**The problem**
In the listing below, the lines starting at the line with "Magellan Real Tree camo neoprene pants" and ending at the line with "Rommy Van Boy" are to be output verbatim. Images stay out of the copy.
*** Opening Excerpted data ***
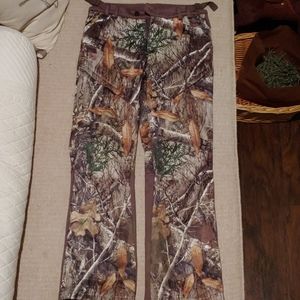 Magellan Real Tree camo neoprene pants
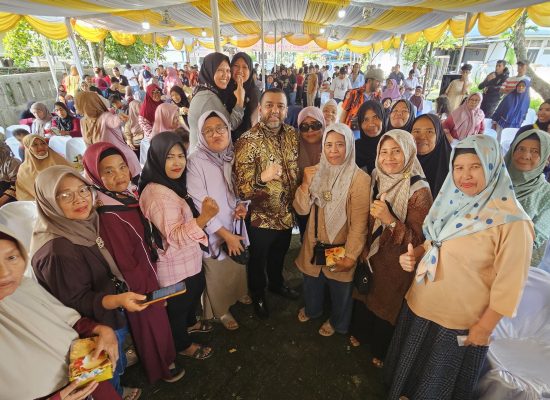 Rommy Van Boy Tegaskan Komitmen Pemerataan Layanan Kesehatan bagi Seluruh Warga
*** Closing Excerpted data ***
*** Opening Excerpted data ***
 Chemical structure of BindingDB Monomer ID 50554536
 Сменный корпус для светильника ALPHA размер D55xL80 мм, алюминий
*** Closing Excerpted data ***
**Expected answer**
 Magellan Real Tree camo neoprene pants
 Rommy Van Boy Tegaskan Komitmen Pemerataan Layanan Kesehatan bagi Seluruh Warga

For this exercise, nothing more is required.